ABOUT THIS TASK - Print the lines that run from the line with "Dolly Parton Memorial" to the line with "Potensic Drones Under 249g GPS Auto", keeping both end lines, exactly as they appear in the entries below, and nothing else.

Short text fragments from websites

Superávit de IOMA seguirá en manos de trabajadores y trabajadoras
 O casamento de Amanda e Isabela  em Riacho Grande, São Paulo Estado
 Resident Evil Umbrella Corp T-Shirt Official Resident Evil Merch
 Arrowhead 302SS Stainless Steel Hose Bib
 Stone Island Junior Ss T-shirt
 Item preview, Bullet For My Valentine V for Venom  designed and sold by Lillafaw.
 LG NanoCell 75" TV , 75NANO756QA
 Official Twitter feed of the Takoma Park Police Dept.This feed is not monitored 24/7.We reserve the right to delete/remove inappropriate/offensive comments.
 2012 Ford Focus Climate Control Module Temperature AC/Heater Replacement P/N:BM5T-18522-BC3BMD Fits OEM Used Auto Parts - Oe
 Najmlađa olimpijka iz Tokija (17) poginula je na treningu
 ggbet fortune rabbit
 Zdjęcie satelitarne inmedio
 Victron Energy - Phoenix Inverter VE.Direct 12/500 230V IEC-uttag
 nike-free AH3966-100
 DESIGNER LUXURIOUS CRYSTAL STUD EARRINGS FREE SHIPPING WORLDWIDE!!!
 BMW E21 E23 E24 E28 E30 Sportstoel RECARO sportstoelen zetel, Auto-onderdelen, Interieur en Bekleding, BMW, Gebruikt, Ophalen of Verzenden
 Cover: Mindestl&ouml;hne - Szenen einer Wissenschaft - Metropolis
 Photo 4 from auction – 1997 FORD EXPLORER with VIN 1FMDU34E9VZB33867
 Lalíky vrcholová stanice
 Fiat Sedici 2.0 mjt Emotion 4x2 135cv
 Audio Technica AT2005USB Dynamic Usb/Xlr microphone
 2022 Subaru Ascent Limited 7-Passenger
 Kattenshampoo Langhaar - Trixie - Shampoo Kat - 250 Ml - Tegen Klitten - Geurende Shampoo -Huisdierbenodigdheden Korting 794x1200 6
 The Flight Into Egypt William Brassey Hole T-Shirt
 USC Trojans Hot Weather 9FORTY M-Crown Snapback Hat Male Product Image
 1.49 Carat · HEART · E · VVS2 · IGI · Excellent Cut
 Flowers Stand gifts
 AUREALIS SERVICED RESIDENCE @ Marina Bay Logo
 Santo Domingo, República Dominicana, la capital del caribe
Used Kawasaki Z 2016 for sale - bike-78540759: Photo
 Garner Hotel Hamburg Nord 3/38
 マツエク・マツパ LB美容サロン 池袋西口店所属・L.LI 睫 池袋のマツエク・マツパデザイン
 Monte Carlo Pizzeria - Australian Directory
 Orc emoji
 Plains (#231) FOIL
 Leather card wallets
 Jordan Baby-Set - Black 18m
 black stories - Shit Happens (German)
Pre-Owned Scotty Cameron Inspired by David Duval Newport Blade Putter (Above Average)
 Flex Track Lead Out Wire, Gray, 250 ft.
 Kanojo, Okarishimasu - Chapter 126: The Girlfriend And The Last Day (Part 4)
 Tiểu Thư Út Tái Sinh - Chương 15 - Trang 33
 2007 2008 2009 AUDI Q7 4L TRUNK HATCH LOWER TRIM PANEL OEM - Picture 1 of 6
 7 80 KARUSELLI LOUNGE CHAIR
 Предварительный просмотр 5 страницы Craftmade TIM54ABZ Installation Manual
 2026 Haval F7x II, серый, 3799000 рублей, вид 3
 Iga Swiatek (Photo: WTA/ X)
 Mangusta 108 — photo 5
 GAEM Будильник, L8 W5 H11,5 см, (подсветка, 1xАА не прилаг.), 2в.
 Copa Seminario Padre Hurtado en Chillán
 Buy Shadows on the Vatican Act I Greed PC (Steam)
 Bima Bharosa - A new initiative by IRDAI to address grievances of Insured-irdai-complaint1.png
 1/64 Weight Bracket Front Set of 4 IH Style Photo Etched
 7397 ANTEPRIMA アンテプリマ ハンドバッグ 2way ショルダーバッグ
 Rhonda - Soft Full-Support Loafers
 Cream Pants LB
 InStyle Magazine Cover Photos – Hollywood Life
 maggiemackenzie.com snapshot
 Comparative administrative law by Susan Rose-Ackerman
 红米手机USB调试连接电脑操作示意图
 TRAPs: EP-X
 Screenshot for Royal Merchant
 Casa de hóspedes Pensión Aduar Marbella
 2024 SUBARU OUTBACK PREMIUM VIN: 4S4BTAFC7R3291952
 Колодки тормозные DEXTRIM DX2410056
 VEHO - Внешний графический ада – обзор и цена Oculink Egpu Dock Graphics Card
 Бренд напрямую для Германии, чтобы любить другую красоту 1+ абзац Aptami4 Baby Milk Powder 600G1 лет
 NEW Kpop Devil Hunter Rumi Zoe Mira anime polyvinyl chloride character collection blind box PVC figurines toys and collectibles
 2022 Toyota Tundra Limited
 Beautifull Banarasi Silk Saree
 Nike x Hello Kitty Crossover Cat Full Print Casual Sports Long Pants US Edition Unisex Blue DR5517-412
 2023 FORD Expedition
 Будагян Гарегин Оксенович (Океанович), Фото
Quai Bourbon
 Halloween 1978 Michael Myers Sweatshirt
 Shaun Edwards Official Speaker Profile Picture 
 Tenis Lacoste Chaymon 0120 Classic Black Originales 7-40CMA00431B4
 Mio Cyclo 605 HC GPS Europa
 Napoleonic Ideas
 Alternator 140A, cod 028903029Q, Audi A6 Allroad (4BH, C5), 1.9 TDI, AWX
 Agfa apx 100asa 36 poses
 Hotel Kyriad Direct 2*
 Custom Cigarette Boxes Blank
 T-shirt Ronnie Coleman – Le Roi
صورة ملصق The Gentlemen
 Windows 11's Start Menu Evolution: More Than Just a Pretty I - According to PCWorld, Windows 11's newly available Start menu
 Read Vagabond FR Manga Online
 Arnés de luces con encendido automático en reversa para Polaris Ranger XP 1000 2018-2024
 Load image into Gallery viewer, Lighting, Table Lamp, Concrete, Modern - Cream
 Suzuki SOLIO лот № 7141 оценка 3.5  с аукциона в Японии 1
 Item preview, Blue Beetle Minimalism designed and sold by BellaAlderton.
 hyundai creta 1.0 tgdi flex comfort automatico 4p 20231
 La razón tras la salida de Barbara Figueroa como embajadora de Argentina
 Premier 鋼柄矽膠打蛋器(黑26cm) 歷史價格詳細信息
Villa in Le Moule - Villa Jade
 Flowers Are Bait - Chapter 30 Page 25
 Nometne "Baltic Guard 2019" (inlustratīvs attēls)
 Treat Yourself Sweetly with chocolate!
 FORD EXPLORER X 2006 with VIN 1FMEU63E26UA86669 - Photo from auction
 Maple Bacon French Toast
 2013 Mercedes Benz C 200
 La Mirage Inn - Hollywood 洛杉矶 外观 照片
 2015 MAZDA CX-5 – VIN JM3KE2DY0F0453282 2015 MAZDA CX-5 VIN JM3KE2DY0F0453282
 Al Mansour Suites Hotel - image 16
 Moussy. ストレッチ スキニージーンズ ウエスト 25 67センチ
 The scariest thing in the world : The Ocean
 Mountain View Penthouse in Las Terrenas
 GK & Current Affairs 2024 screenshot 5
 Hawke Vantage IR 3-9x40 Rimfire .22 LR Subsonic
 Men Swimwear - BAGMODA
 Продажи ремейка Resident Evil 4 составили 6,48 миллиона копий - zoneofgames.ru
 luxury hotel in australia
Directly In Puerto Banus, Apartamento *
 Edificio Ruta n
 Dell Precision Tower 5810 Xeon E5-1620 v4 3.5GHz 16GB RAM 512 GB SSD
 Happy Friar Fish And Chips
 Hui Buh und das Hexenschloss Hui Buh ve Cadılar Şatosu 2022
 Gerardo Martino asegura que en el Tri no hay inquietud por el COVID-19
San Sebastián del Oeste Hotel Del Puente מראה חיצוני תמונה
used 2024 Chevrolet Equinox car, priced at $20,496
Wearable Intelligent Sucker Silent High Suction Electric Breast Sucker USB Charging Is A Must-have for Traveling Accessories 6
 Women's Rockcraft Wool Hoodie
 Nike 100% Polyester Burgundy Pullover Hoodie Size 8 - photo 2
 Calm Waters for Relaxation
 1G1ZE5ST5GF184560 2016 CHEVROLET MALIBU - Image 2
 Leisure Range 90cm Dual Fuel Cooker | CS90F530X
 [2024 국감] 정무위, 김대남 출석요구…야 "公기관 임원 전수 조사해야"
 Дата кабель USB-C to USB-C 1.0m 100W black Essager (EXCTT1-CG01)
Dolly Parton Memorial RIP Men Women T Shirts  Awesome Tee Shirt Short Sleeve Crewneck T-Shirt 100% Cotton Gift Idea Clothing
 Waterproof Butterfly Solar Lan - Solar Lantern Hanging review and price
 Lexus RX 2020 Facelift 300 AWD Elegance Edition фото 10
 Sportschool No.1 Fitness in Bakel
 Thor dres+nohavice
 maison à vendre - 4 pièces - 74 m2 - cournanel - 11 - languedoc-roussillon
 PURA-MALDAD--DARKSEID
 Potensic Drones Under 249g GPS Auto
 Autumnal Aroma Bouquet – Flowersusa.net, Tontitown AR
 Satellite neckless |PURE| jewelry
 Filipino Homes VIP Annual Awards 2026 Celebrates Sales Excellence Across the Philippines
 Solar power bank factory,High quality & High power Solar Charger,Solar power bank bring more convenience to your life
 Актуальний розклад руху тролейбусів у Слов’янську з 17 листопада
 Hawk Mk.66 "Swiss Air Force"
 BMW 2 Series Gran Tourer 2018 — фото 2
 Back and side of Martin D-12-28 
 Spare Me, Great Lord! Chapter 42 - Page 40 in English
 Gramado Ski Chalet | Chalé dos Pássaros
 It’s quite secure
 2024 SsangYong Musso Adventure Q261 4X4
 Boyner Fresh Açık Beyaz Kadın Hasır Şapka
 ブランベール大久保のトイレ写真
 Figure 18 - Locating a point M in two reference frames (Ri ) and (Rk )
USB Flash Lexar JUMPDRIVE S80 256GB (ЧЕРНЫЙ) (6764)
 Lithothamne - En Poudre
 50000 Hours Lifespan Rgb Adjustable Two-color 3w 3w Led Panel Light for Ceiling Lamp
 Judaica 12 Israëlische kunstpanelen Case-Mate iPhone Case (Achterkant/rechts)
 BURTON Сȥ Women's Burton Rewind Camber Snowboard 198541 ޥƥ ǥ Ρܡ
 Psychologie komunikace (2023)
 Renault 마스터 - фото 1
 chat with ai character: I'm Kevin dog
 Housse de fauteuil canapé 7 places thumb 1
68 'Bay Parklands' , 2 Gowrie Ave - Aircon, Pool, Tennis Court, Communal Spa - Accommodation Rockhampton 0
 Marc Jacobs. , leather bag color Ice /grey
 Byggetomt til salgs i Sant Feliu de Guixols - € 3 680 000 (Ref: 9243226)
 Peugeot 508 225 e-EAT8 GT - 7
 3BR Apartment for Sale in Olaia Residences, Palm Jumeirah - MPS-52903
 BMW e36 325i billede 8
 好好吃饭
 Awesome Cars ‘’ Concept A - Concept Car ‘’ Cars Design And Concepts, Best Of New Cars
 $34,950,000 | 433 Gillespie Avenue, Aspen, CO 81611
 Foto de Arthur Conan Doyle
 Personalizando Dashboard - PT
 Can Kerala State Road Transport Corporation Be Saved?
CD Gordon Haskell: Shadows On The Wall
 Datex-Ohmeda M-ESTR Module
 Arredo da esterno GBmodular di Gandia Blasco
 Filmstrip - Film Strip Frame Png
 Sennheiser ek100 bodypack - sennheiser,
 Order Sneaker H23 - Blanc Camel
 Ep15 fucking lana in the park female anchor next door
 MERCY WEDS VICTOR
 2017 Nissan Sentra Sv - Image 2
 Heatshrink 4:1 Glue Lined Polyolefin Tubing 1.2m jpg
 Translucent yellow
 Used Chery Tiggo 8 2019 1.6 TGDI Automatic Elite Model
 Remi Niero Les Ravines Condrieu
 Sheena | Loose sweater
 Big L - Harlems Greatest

SOLVED EXERCISE -
Dolly Parton Memorial RIP Men Women T Shirts  Awesome Tee Shirt Short Sleeve Crewneck T-Shirt 100% Cotton Gift Idea Clothing
 Waterproof Butterfly Solar Lan - Solar Lantern Hanging review and price
 Lexus RX 2020 Facelift 300 AWD Elegance Edition фото 10
 Sportschool No.1 Fitness in Bakel
 Thor dres+nohavice
 maison à vendre - 4 pièces - 74 m2 - cournanel - 11 - languedoc-roussillon
 PURA-MALDAD--DARKSEID
 Potensic Drones Under 249g GPS Auto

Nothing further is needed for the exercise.